For the TPOTClassifier function use the following settings:

  • generations=5

  • population_size=20

  • cv=3

  • random_state=123

Hints for 20-21

In your TPOT configuration you have to get the "long" and "complete" module name: xgboost.XGBClassifier

Question 21 (2 points)

What is the accuracy for your TPOT Search, rounded to 3 digits?

Question 22 (2 points)

What is the n_estimators chosen by your TPOT search?

  • 50

  • 75

  • 100

#run TPOT for XGBClassifier
#don't forget to track your results

AutoML with TPOT

Now that you've used TPOT to tune hyperparameters just for a single defined model (XGBoost), we're going to have you use TPOT to search for any algorithm. We refer to this as AutoML, for automated machine learning.

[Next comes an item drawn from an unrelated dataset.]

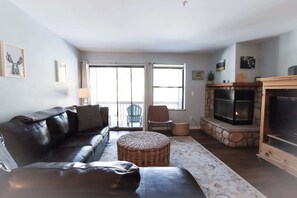 Apartment, 1 Queen-Bett und Schlafsofa, Balkon, Bergblick (Sun Sung Cozy Condo) | Wohnbereich | 42-Zoll-Flachbildfernseher mit Digitalempfang, Kamin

We'll allow TPOT to find stacked models, so the hyperparameters being tuned won't be the same as the ones we've been tuning. When you store your results in your track results, you can just add 'n/a' for each of the hyperparameters.

For AutoML with TPOT, we'd like you to use the following configuration:

  • generations=5

  • population_size=30

  • cv=3

  • scoring='accuracy'

  • random_state=123

  • config_dict='TPOT light'

Note, we are using the 'TPOT light' configuration for speed here. Only models that are quick to run are included. If time was't an issue, then you would want to use the regular configuration, but we're trying to keep things simple for the homework, so stick with TPOT light.

Remember, you're using the TPOTClassifier, not the TPOTRegressor as you used in the lesson.

Question 23 (2 points)

What is the accuracy for your TPOT AutoML Search, rounded to 3 digits?

Question 24 (2 points)

Which of these pipelines did TPOT choose?

  • BernoulliNB, MultinomialNB, DecisionTreeClassifier and MaxABsScaler

  • BernouliNB, CombineDFs, and VarianceThreshold

  • LogisticRegression, SelectPercentile, CombineDFs

  • LogisticRegression, MaxAbsScalar, SelectFwe

  • LogisticRegression, SelectFwe, and MinMaxScaler

#Run TPOT automl
#don't forget to track your results. You may use 'n/a' for all the hyperparameters, since we're not going to end up with the same model

Question 25 - Summary (Manually Graded) (4 points)

Take a screen shot of your results tracking table and upload it. It should have the columns for the approach used, the hyperparameters chosen, the fits, the accuracy, the sensitivity, and the precision. Answer the following questions:

If the bank just wants to have the most accurate predictions, which hyperparameter optimization approach would they choose?

If the bank isn't as concerned about misclassifying some truly good loans as they are interested in correctly predicting truly bad loans. Which model should they use? Why?

Why did TPOT (not AutoML TPOT) fail to find the best hyperparameters?

Be sure to answer each question and don't forget your results dataframe screenshot.